While the most common complaints he's heard deal with the disrespectful way in which many riders treat the trains and buses, leaving newspapers and trash behind, he acknowledged that the agency needs to make improvements in customer service.
WMATA is having an independent group assess the agency's customer call center, and how quickly and effectively it responds to customer issues. Sarles also plans to reintroduce a "secret shopper" program to get feedback from riders.
On increasing capacity
Major capital investments will be consumed by safety and state of good repair projects. In the near and medium term, Sarles acknowledged that the agency has no plans for major increases in capacity. Instead, WMATA will be concentrating on ways to improve the bus system, working with the jurisdictions to implement priority measures such as traffic signal priority and bus lanes.
On the 7000 series
The new rail cars, expected by 2014, will be 4-car sets, instead of married pairs, eliminating two cabs on each four car set and making more room for riders.

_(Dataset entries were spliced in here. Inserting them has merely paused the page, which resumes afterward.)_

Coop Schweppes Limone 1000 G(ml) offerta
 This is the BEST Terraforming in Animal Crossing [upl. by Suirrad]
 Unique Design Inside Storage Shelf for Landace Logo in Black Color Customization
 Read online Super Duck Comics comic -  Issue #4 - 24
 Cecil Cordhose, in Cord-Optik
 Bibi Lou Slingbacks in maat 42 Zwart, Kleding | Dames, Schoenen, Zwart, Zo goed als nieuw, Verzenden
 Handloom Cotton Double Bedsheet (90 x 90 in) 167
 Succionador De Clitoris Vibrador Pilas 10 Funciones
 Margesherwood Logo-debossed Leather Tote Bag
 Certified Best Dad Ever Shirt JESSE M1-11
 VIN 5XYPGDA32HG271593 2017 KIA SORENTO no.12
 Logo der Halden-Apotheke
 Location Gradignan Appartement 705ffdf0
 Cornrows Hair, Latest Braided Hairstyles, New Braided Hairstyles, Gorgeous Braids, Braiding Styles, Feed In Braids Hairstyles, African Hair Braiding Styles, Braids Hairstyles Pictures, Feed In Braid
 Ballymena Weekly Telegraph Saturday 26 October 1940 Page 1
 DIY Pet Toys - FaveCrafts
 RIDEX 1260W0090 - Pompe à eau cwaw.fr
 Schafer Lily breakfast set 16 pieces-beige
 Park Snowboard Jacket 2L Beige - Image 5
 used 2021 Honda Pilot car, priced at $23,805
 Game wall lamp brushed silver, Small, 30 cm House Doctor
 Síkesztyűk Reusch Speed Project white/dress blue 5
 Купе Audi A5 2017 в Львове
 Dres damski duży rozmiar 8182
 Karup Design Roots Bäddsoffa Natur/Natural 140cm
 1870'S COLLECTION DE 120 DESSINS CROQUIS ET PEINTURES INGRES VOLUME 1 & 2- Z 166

The cars will have cameras throughout as well as automated station announcements and electronic information boards very similar to the New York Subway's new FIND systems.
While the "transverse" seating arrangements of the current cars, with forward and back facing seats, will remain, the cars we be built to allow reconfiguring the seating to "longitudinal," where seats face the center, if crowding becomes a problem and the agency decides to make the change.
Sarles said he would be happy to host blogger roundtables in the future, and we also discussed briefly the possibility of having chats with other members of the leadership team who can speak to more specific questions.
Although our time was short, and there were some dodgy answers regarding bag searches, the conversation with Sarles was informative and encouraging. We hope this engagement with the community continues.
Sarles is also appearing on TBD NewsTalk starting at 10 today.